Brazil’s ultra-powerful Supreme Court Justice, Alexandre de Moraes, has now accused the former president and his son Eduardo, a congressman, of “interfering in the course of legal proceedings, destabilizing the Brazilian economy and pressuring the Judiciary.” At issue is the Bolsonaros’ alleged attempt to lobby the Trump administration to impose tariffs, in a bid to pressure Brazilian justice to go easy on the former president. The latter is likely to spend the rest of his life in jail if proven guilty on the major counts against him.

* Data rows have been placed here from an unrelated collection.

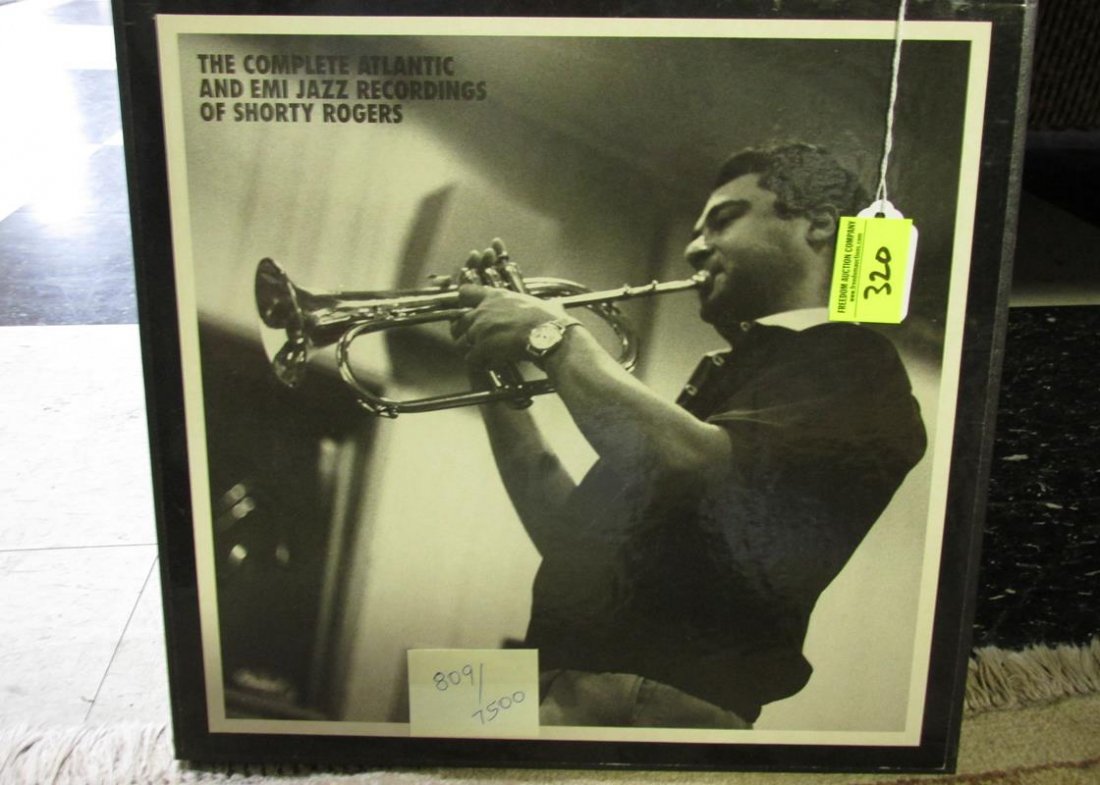 SHORTY ROGERS COMPLETE ATLANTIC & EMI JAZZ: COMPLETE ATLANTIC & EMI JAZZ RECORDINGS, CD SET WITH BOOK, #809 OF 7,500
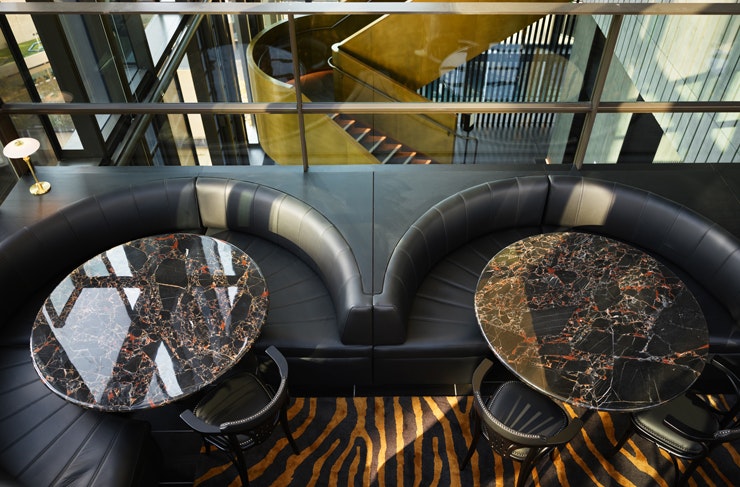 Booth seating at Dean and Nancy on 22. 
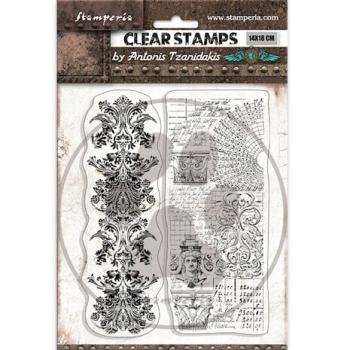 Stamperia, Sir Vagabond in Fantasy World Clear Stamps 2 Borders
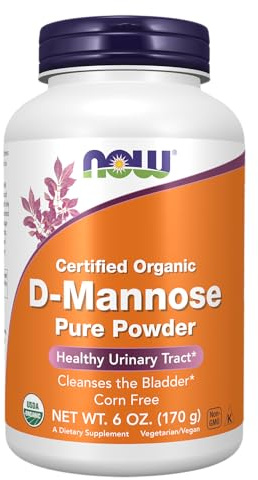 Now Foods D-Mannose Powder, 6 Ounces (Pack of 2)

In acting in such a way, Bolsonaro effectively stands accused of treason. As such, the court is accelerating his trial and may pass sentence as soon as next month. All of this seems to add weight to the theory, put forward last week, that Trump’s tariffs were more motivated by an attempt to meddle in Brazilian internal affairs than driven by any geoeconomic rationale.
The Bolsonaros certainly seem intent on laying out the evidence for that view. Last week, Eduardo Bolsonaro celebrated Trump’s tariffs, posting “THANK YOU PRESIDENT TRUMP – MAKE BRAZIL FREE AGAIN,” while his older brother Flavio, a senator, yesterday called for Trump to withdraw tariffs and, in lieu, impose sanctions on individuals “who persecute citizens and US companies, violate liberties, and use public office to violate human rights and implode the democracy of a country to satisfy their own ego” — a thinly veiled reference to Moraes, long a thorn in the Bolsonaros’ side.
Though Moraes has often overstepped the bounds, the evidence against the Bolsonaros appears increasingly overwhelming — not least because they keep offering it up themselves. Bolsonaro’s ban on meeting foreign representatives should also be seen in the context of a briefing he gave to foreign ambassadors ahead of the 2022 election, during which he made dubious claims that the vote would be stolen.
Unsurprisingly, this whole affair has been a boon to President Lula. This week, he put out a video statement charging the Trump administration with “unacceptable blackmail against Brazilian institutions” and speaking of his “even greater indignation” at learning that “certain Brazilian politicians” colluded in this attack on Brazilian sovereignty. It is “treason against the homeland” by figures who bank on “the worse it gets, the better”.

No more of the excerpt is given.